• Work required: Would you please copy the part of the material below that opens with the line containing "Menï¿½s Cargo Pants & John Deere Hoodie" and closes with the line containing "SET MIT GEMISCHTEN GRILLKÖRBEN"? Copy it exactly, and only it.

• Exercise data:
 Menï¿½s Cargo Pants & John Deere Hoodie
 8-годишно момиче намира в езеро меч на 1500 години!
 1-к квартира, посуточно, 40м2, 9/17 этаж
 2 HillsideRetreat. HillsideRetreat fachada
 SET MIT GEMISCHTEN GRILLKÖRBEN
---
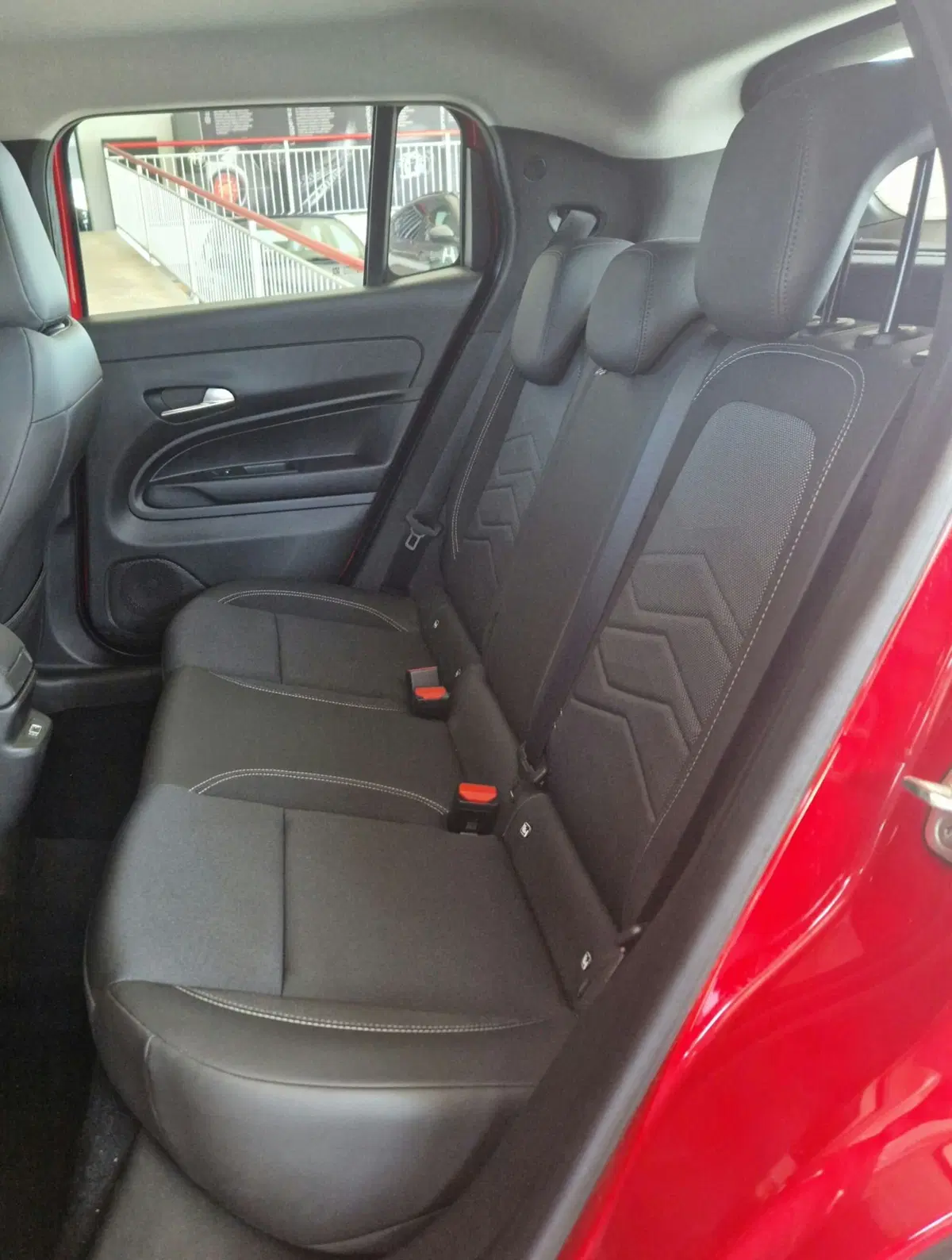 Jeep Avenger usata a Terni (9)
==
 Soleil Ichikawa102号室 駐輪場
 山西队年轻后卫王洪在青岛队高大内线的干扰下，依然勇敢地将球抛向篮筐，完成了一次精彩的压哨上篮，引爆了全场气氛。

• Task solution:
 Menï¿½s Cargo Pants & John Deere Hoodie
 8-годишно момиче намира в езеро меч на 1500 години!
 1-к квартира, посуточно, 40м2, 9/17 этаж
 2 HillsideRetreat. HillsideRetreat fachada
 SET MIT GEMISCHTEN GRILLKÖRBEN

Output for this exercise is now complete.